**Your instructions:** Starting at the line that contains "Episcopii catolici din", output each line through the end of the data exactly, and nothing more.

++++ Input data

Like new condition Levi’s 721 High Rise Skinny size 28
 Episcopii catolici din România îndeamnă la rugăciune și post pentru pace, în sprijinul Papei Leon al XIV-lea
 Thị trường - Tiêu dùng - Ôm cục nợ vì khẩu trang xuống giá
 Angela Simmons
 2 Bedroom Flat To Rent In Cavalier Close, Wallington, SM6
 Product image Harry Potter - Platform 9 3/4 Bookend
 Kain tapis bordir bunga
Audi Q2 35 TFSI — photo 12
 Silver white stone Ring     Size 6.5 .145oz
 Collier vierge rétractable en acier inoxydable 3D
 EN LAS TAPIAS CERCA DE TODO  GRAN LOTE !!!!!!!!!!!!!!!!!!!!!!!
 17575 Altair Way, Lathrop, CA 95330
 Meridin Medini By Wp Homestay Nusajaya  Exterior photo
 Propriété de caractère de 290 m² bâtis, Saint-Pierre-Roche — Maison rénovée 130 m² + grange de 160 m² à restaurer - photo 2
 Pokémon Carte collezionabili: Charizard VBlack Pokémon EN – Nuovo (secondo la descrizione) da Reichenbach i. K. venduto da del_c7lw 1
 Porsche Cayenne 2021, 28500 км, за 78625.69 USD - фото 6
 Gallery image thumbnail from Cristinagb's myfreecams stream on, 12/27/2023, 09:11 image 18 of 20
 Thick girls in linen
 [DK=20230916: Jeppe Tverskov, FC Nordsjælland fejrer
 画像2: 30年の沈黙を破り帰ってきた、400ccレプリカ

++++++++

**Result of the task:**
 Episcopii catolici din România îndeamnă la rugăciune și post pentru pace, în sprijinul Papei Leon al XIV-lea
 Thị trường - Tiêu dùng - Ôm cục nợ vì khẩu trang xuống giá
 Angela Simmons
 2 Bedroom Flat To Rent In Cavalier Close, Wallington, SM6
 Product image Harry Potter - Platform 9 3/4 Bookend
 Kain tapis bordir bunga
Audi Q2 35 TFSI — photo 12
 Silver white stone Ring     Size 6.5 .145oz
 Collier vierge rétractable en acier inoxydable 3D
 EN LAS TAPIAS CERCA DE TODO  GRAN LOTE !!!!!!!!!!!!!!!!!!!!!!!
 17575 Altair Way, Lathrop, CA 95330
 Meridin Medini By Wp Homestay Nusajaya  Exterior photo
 Propriété de caractère de 290 m² bâtis, Saint-Pierre-Roche — Maison rénovée 130 m² + grange de 160 m² à restaurer - photo 2
 Pokémon Carte collezionabili: Charizard VBlack Pokémon EN – Nuovo (secondo la descrizione) da Reichenbach i. K. venduto da del_c7lw 1
 Porsche Cayenne 2021, 28500 км, за 78625.69 USD - фото 6
 Gallery image thumbnail from Cristinagb's myfreecams stream on, 12/27/2023, 09:11 image 18 of 20
 Thick girls in linen
 [DK=20230916: Jeppe Tverskov, FC Nordsjælland fejrer
 画像2: 30年の沈黙を破り帰ってきた、400ccレプリカ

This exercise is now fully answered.